AWS Glue Data Quality

Deliver high-quality data across your data lakes and pipelines

Data lakes may become data swamps without proper oversight. Setting up data quality checks is time-consuming, tedious and error prone. You must manually create data quality rules and write code to monitor data pipelines, and alert data consumers when data quality deteriorates. AWS Glue Data Quality reduces these manual quality efforts from days to hours. It automatically computes statistics, recommends quality rules, monitors, and alerts you when it detects issues. For hidden and hard-to-find issues, Glue Data Quality uses ML algorithms. The combined power of rule-based and ML approach, along with the serverless, scalable and open solution, enables you to deliver high quality data to make confident business decisions. 
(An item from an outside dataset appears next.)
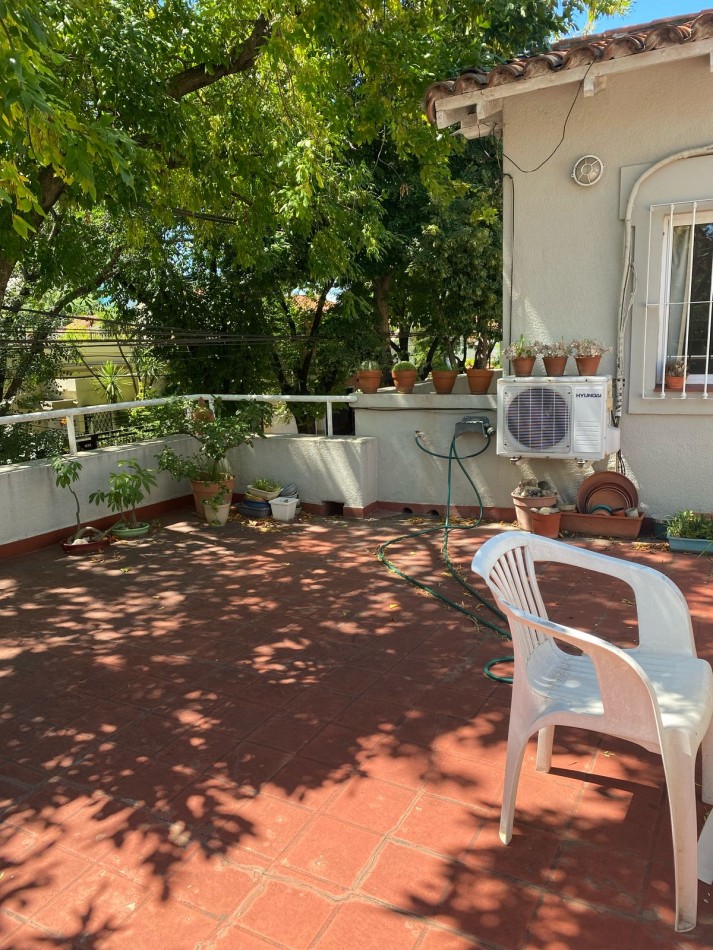 Hermosa casa en Florida de 5 ambientes!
AWS Glue Data Quality overview (1:27)

Features of AWS Glue Data Quality

AWS Glue is serverless, so you can scale without having to manage infrastructure. It scales for any data size, and it features pay-as-you-go billing to increase agility and improve costs. AWS Glue Data Quality uses Deequ, an open-source framework built by Amazon used to manage petabyte-scale datasets. Because it’s built using open source, AWS Glue Data Quality provides flexibility and portability without lock-in.
AWS Glue Data Quality automatically computes statistics for your datasets. It uses these statistics to recommend a set of quality rules that checks for freshness, accuracy, integrity and even hard-to-find issues. You can adjust recommended rules, discard rules, or add new rules as needed. If it detects quality issues, AWS Glue Data Quality also alerts you so that you can act on them.
AWS Glue Data Quality is intelligent. It learns patterns on data statistics gathered over time using ML algorithms. It detects anomalies, unusual data patterns and alerts users. It also auto-creates rules to monitor these specific patterns so that you can progressively build data quality rules.
Your data rests in different repositories, and it moves from one repository to another. Monitoring data quality both once it lands and while it is in transit is important. AWS Glue Data Quality rules can be applied to data at rest in your datasets and data lakes and to entire data pipelines where data is in motion. You can apply rules across multiple datasets. For data pipelines built on AWS Glue Studio, you can apply a transform to evaluate the quality for the entire pipeline at a fraction of the cost as data is already in memory. You can also define rules to stop the pipeline if quality deteriorates, preventing bad data from landing in your data lakes.
Use over 25 out-of-the box AWS Glue Data Quality rules to validate your data and identify specific data that causes issues. Implement data quality checks that compare different data sets in disparate data sources in minutes with out-of-the-box rules. Using Glue ETL you can easily remediate these issues and ingest high quality data into your data repositories.